Apparently the seating for the Chanel couture show, which walked in Paris this morning, was very limited because the stage was a plane. And as all of us commercial travelers know, planes are cramped places. How Karl Lagerfeld — who so memorably flew privately in the documentary Lagerfeld Confidential — knew that is a bit of a mystery. The seats were rumored in advance of the show to be “throne-like,” or extra-wide, hence greatly limiting the number of guests who could attend, which is said to have upset many editors in the U.S. who were not awarded a seat on the Chanel plane, which was erected over the course of five days in the Grand Palais. (Though given Karl Lagerfeld’s past Chanel stunts, like the real iceberg imported from northern Europe, one could be forgiven for thinking it was an actual plane that took off and flew around.)
The clothes the models wore vaguely referenced airline flight attendant uniforms.
“I didn’t want to make it too literal, ” said Lagerfeld backstage. “If you look at what air hostesses really wore back in the ‘60s, it wasn’t that great”.
Of course, the questionable tastefulness of a spendy couture show in These Economic Times will be acknowledged in the reports about the shows this week. But what’s so curious about this Chanel show is that Karl managed to turn commercial coach air travel, a thing made so much worse by the crap economy for everyone who has to do it, into something glamorous that got people allegedly very riled up over not being given a seat. Never one to shy from controversy, whether it’s giving Lindsay Lohan a “love slap” or dressing models in yellow face for a fashion show in China, Lagerfeld’s work this morning might be seen as a little bit of flysploitation, capitalizing on that very horrible thing that the 99 percent has to endure if they want to get from point A to point B on a plane.
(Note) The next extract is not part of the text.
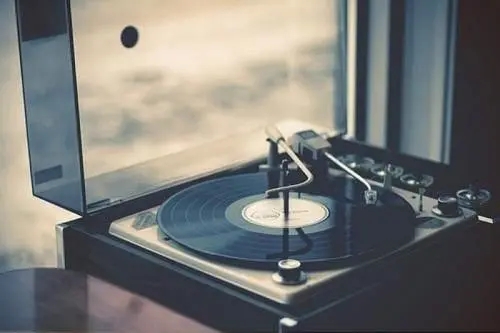 关于音乐的唯美句子文案简短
Does he know the history of the shrinking, very un-thronelike coach seats? Of the once-free snacks that now feel like dreams? Of being burdened on layovers with luggage that one does not want to pay money to check, and then being forced to check your bag at the gate because the asses who got on the plane before you took up all the overhead space? The distress of getting sat behind a seat-back pocket bereft of a the required reading that is Sky Mall? Four-hour soundtracks of one crying baby? Judging by the footage of him on the plane here (at 6:30) and here (at 4:10), one might guess not.
See highlights from this morning’s Chanel show, including some guests who looked like they couldn’t believe they had to ride in coach for this show, in the slideshow.
The Kaptain takes a bow, triumphant once more.
Tinted blue, like the clothes, with what one would imagine is an unnecessarily extra-wide aisle (no luggage, no fat people), and seats turned at an angle making it more difficult for all the guests to secretly stare at each other, which is 80 percent of the fun of going to a fashion show.
The fear we normal people feel when faced with boarding a flight is clearly present in her eyes.
Hardly a fashion show regular, Cameron was at Dior yesterday and now Chanel today. And something about her body language says she’s freaked out, maybe because Dior didn’t ask her to board a plane. Do you think Chanel did that thing where the “priority” sky miles members like Cameron got to walk down a separate blue carpet to board before everyone else walked to their seats in a lane right next to but bereft of a blue carpet?
The hair was inspired by Alice Dellal, the girl with the partially shaven, partially long hair. Joan Smalls, a favorite of Karl’s, was a rare black face in the show.
This spectacularly dressed guest is the daughter of the Uzbekistan dictator, whose New York Fashion Week show was fiercely protested after IMG disassociated from it. She’s one of the lucky ones who got a Chanel couture seat, apparently.